NorMed
March 2006
Volume 1, Number 1

Teaching Roman Law in Iceland
by Francesco Milazzo

In accordance with the best academic tradition, my teaching experience in Iceland begins thanks to the trust of a master. Luigi Capogrossi Colognesi, heir and brilliant interpreter of the Italian Roman Law school of the University “La Sapienza” in Rome, in the academic year 2003-2004, was unable, for personal reasons, to undertake all of the teaching task that Akureyri required from him. Thus he invited me to share it with him. Owing to the persisting prohibitive engagements of Professor Capogrossi Colognesi, this gave me the chance for an experience that in the following years has been exclusively mine.
The “Akureyri model” of the Faculty of Law and Social Sciences was at once a “lesson” to such people as myself, who had gone there ... to give lessons! A three-year curriculum based on law considered as a science[1] rather than as a normative phenomenon, appeared to me as a clear and (as many would call it on the Continent nowadays) courageous reply to the real problem of many Law Faculties.
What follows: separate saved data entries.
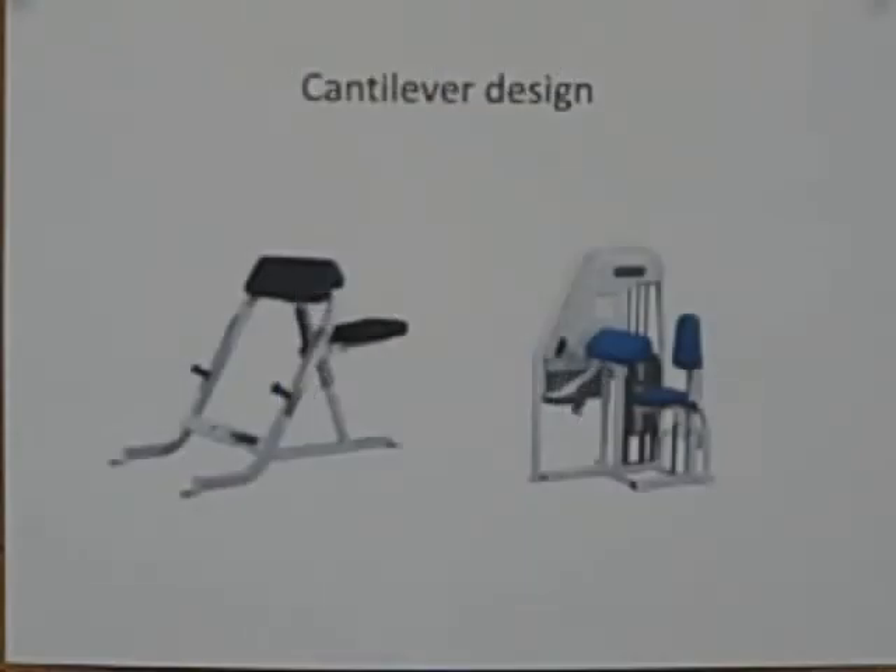Another way to address the shift in center of gravity is with a so-called cantilever design. A cantilever is a structural member, such as a beam, that projects beyond a fulcrum and is supported by a downward force beyond the fulcrum. So in the Scott Bench Curl, your arms would be the beam extending this way, the bench pad is the fulcrum, and your body weight would be the downward force on one side of the fulcrum. Since the weight in your hand is less than your body weight, it no longer disrupts your balance.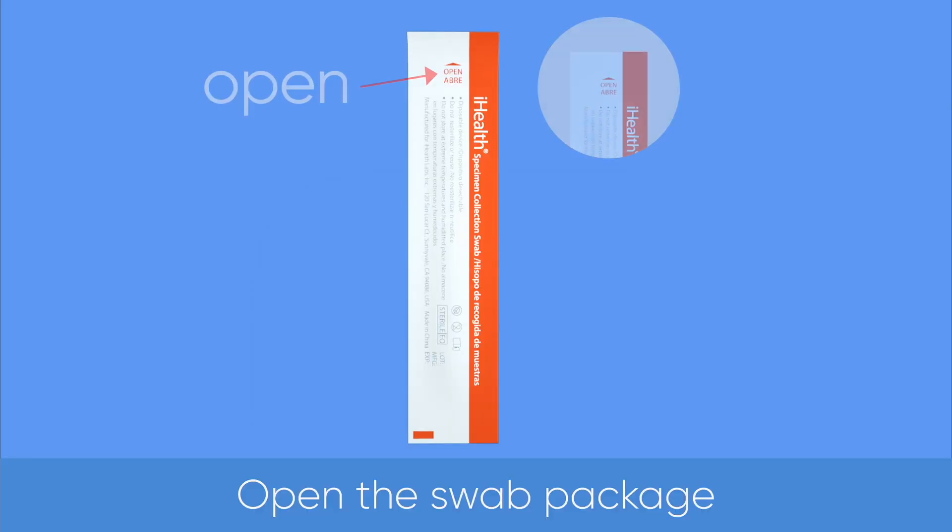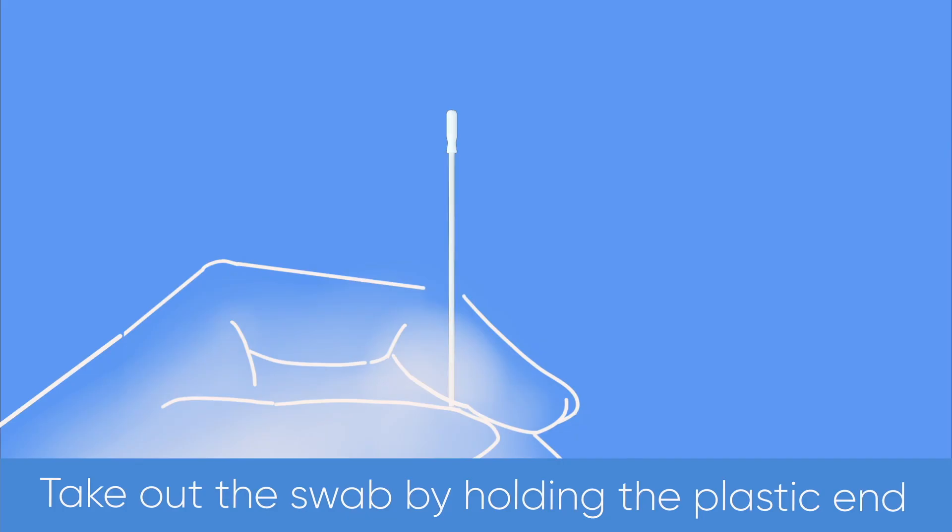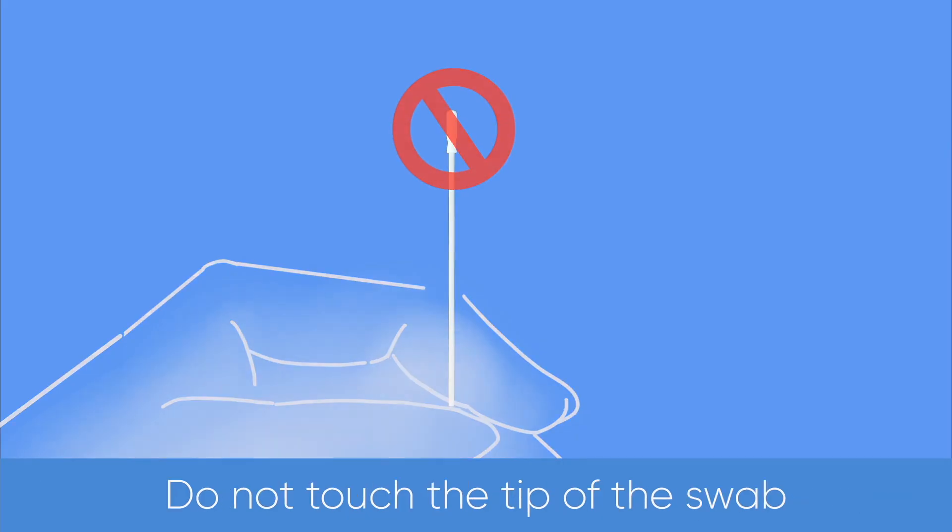Open the swab package. Take out the swab by holding the plastic end. Do not touch the tip of the swab.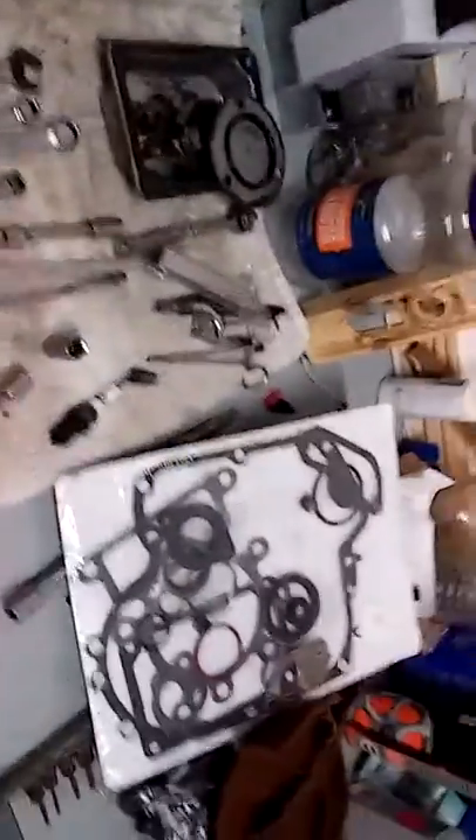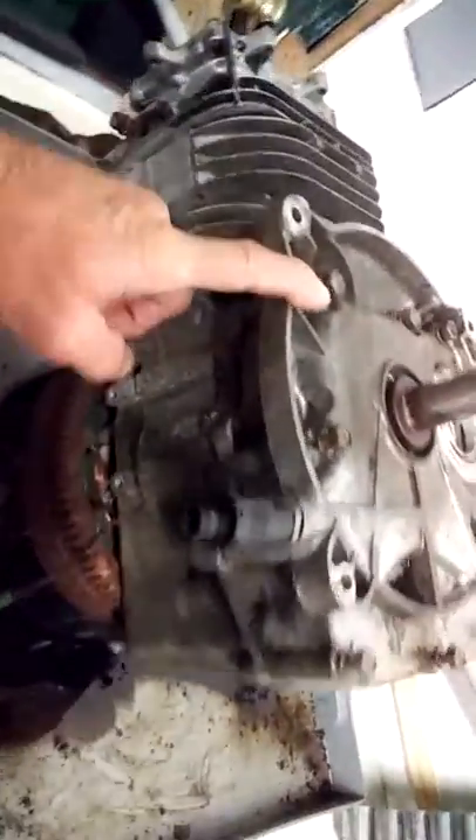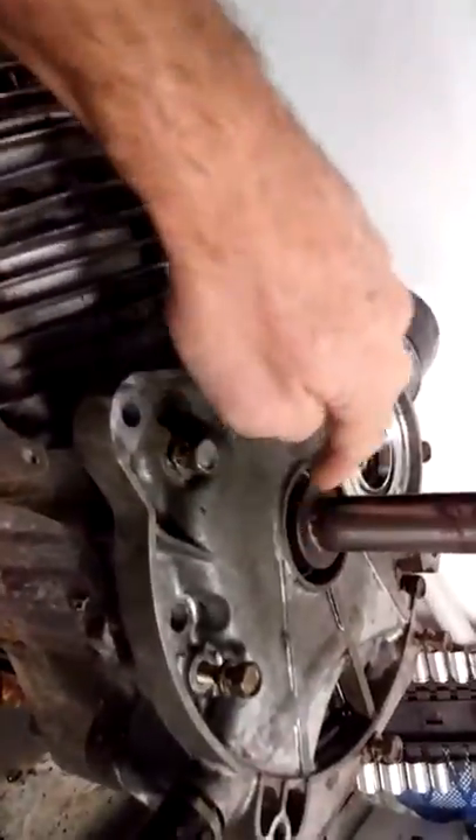Here we go. Now that I have the gasket kit in, we'll start playing with this little booger and see what we can do. I'm going to take the cover off the sump, clean this shaft really well with my emery cloth, and pull out the camshaft to inspect it.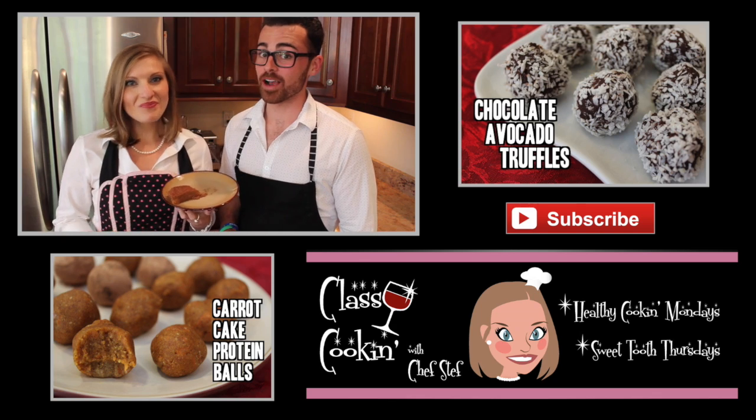And don't forget to subscribe. Have a great weekend. And as always, keep it classy. Cheers!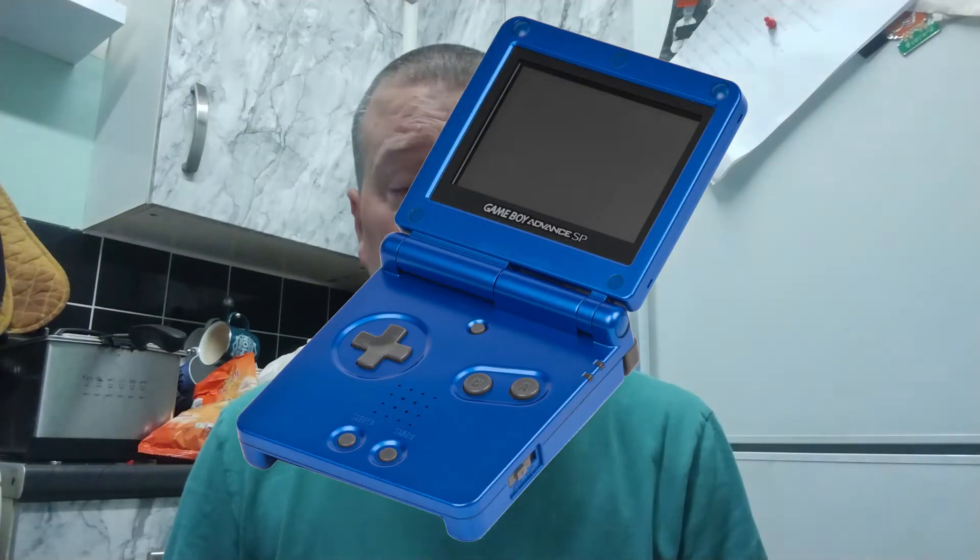It does vary between the different models. The original model is probably the poorest build quality out of all of the DS range. The hinges just weren't up to the job — they were in the middle of the console, and it looked to me like Game Boy Advance SP hinges that just didn't cope with the wider screen. Nowadays, if you've got an original Nintendo DS, you'll notice the plastic is extremely fragile.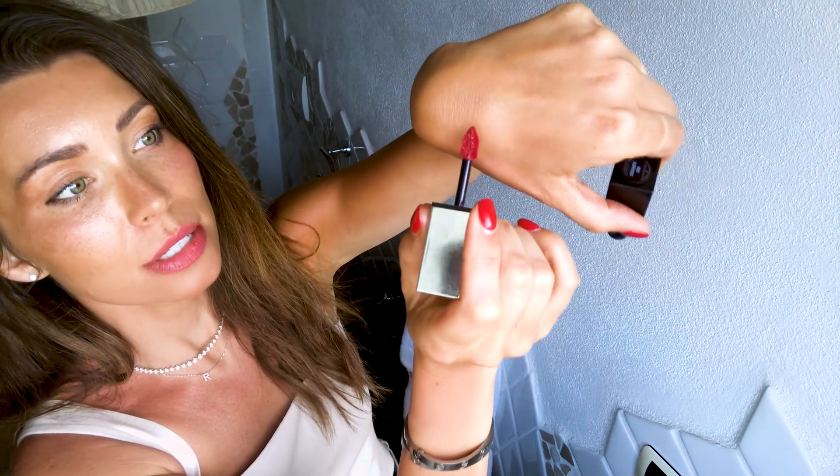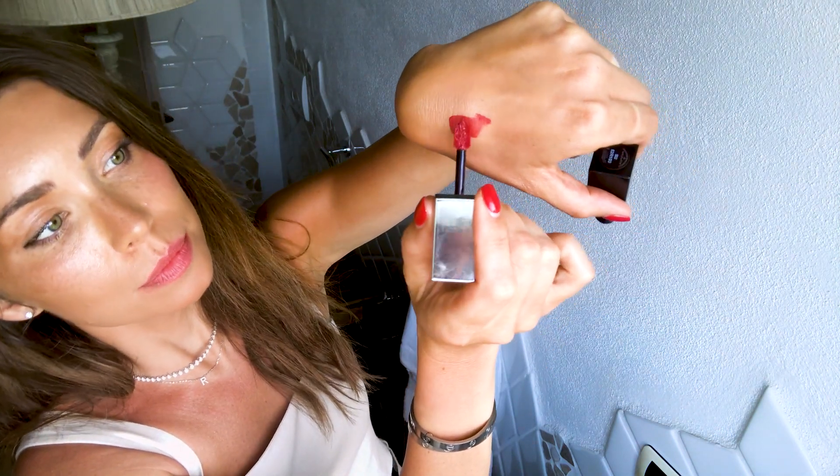Let me apply a little bit on the back of my hand so you can see the color and shade. It fuses gloss and shine but also has the longevity of a lipstick, so it just sits so beautifully on your lips and lasts.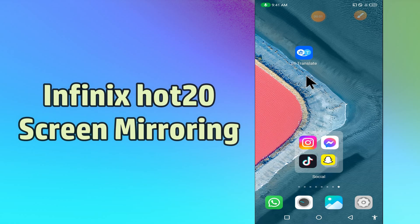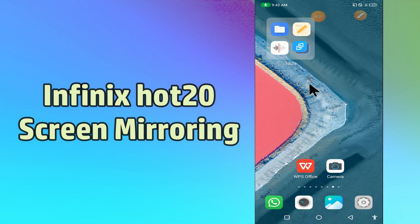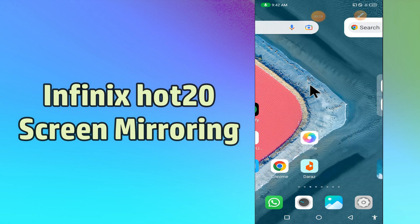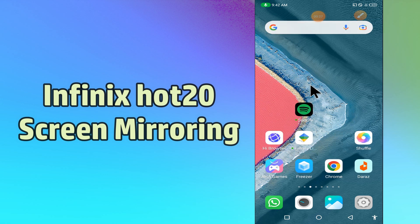Hello everybody, hope you are fine. Welcome to my YouTube channel. In today's video, I'll be talking about how to use screencast or screen mirroring on the Infinix Hot 20. You can do it by following a few steps which I'll be sharing with you. But before that, hit the red subscribe button and the bell icon to stay updated. Now watch this video and you will learn how to use screencast or screen mirroring on your device.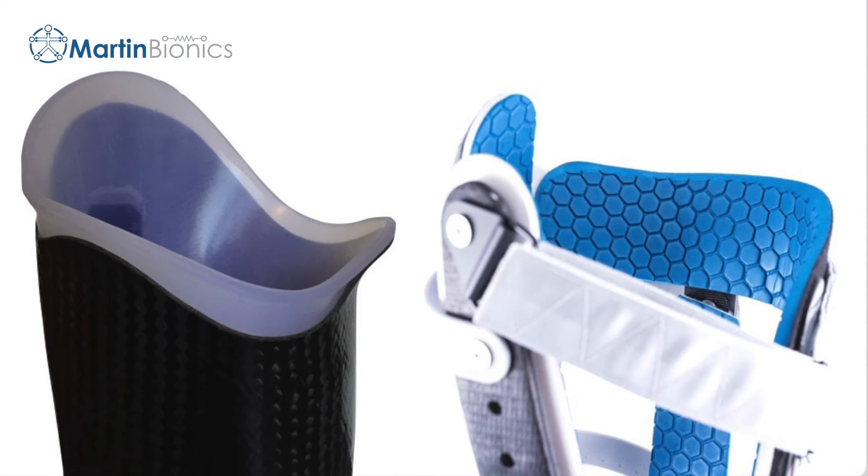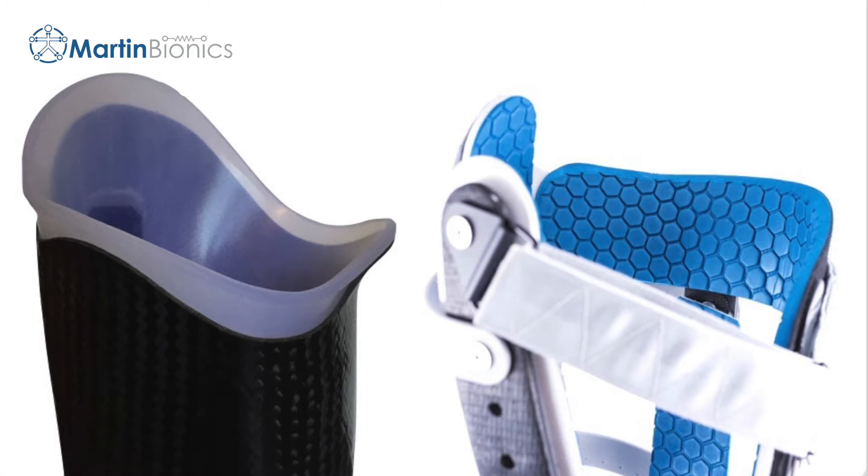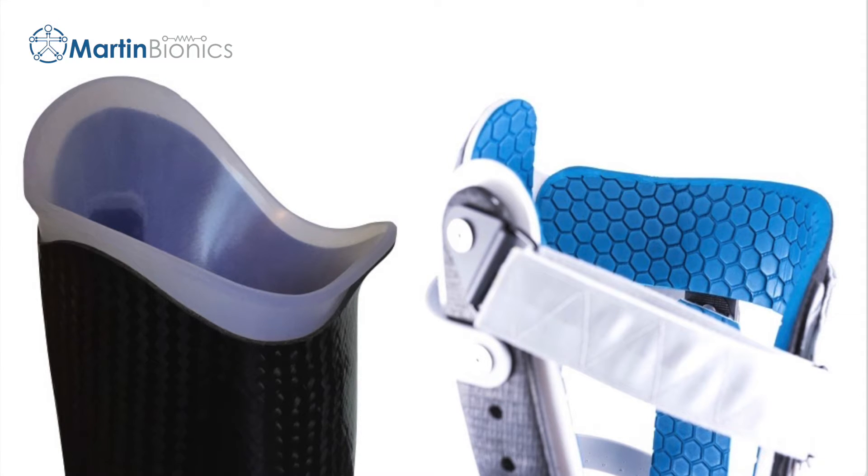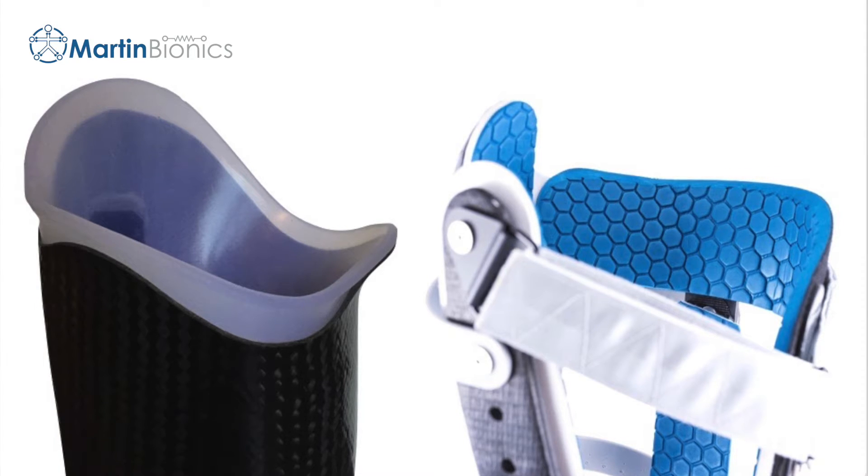When you compare the Socketless Socket brim with that of a conventional socket, you can see just how different they are. By making the brim out of webbing and soft foam padding versus traditional rigid plastics, it is now able to conform to the user's body versus the body having to sit into a static shape. Our bodies are dynamic. We believe the socket and especially the brim should be dynamic as well.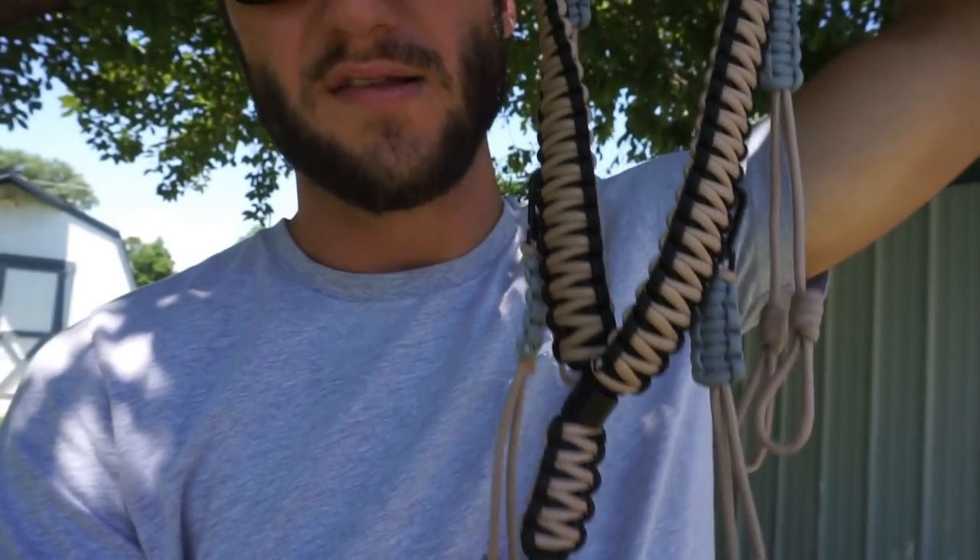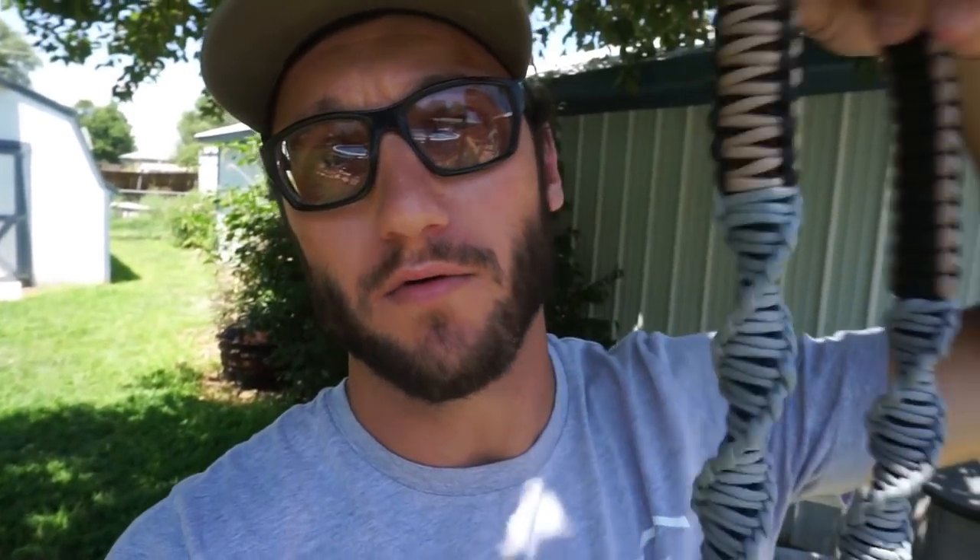We still have some lanyards available, guys. If you've been looking for a new lanyard to hold your duck and goose calls, I'll link them in the description below — very limited quantity. Thank you guys so much for watching, thank you for subscribing, all you new subs. I really appreciate you giving me input on videos — it lets me know what you want to see and learn. Subscribe if you haven't, and we'll see you on the next one.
The University of Akureyri prepares a thorough jurist: a jurist endowed with a firm knowledge enabling him to master the regulations in force, that for their mutability[2] are weak par excellence; a jurist who is different from “the poor routinist whose knowledge and capability are confined to the two thousands articles of his code and who is a ruined man if some night that code should be abolished;”[3] a jurist who is able to understand the systematic, conceptual, dogmatic and spiritual unity of the World’s legal systems; a jurist who “meets” the regulations in force only after starting from law as a scientific entity.[4] In such a clear perspective, the choice of Roman Law, though consequential thanks to the role this subject has always played in the same direction as the one privileged at Akureyri, has been indeed an act of courage. A science having its roots in the Mediterranean culture may find an evident stickiness in a Nordic milieu, particularly amongst beginners not particularly equipped under a humanistic point of view. Nevertheless, cultural (or at least more cultural) is the plan that not only innovates in its content but is also directed towards landing places apparently against the stream. With this point of view in mind, I am certain that the role of Prof. Mikael Karlsson, philosopher tout court as well as legal theoretician, imbued with humanistic culture but not alien to the pragmatic transoceanic suggestions, has been of crucial significance against dangerous exaggerations as well as changes of mind.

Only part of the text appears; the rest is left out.